Since I don’t have the answers to these very valid questions, and since my mother is no longer alive, I prefer to call myself a vegetarian whenever I am eating out. And being a vegetarian, believe me, can make you feel very lonely.
In Calcutta, I feel left out when I see fellow diners ordering fish; and during a trip to Australia last year, I survived mainly on bread and olive oil, occasionally laced with chilli paste, while fellow journalists gorged on all kinds of meat.
While non-vegetarians feel sorry for me, I only envy them and wish I too could relish meat. But what to do, it is a matter of temperament. I salivate more at the sight of hawkers selling fresh vegetables on the pavement than when I visit a meat market. I can never eat chicken once I have seen it being slaughtered in front of my eyes: you can call me chicken, that’s all right.

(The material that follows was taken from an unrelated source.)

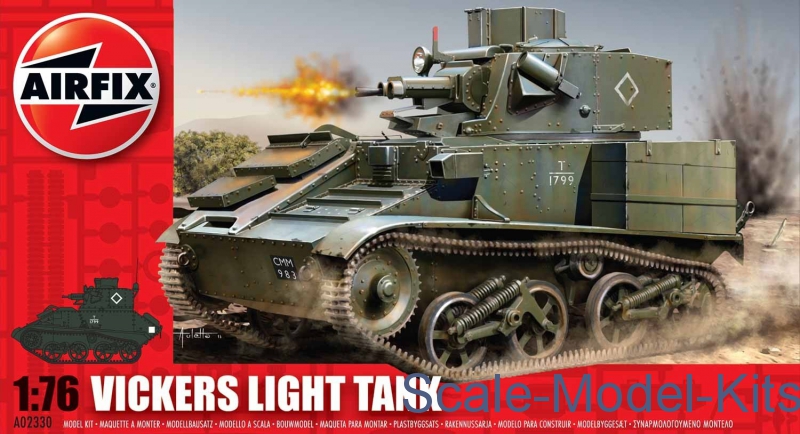 Airfix - Vickers Light Tank Mk.VI, a/b/c - plastic scale model kit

Having said that, I once ate pork. I don’t recall whether it was her birthday or mine, but one afternoon in 1996 my then girlfriend and I stepped into a restaurant called Dominos in New Delhi’s South Extension. The place served only pizza, even though I am not at all sure whether it had anything to do — most likely it did not — with the Domino’s that we know today.
My girlfriend chose her pizza in no time at all whereas I was clueless about what to order. This was the first time this Kanpur-bred man was going to eat pizza — “it’s called peet-suh ,” the girlfriend corrected me — and I kept scanning the menu for a long time, even as the waiter in the black tie began to get impatient.
Finally, I placed my finger on a preparation that had the word ‘salami’ prefixed to it and told the waiter, “Bring me this.” Salami : a word I was familiar with. In cricket, opening batsmen are called “ salami ballebaaz ”, and since it is usually the best players who open the batting, I thought the pizza I was ordering was the best.
Half-way through the meal, I felt a tiny piece of cartilage in my mouth. I summoned the waiter and asked him, “Is this pizza vegetarian or non-vegetarian?” Instead of giving me a direct reply, he held his hands apart to indicate the size of something and innocently said, “ Woh sooar hota hai na (you know a pig, right)?”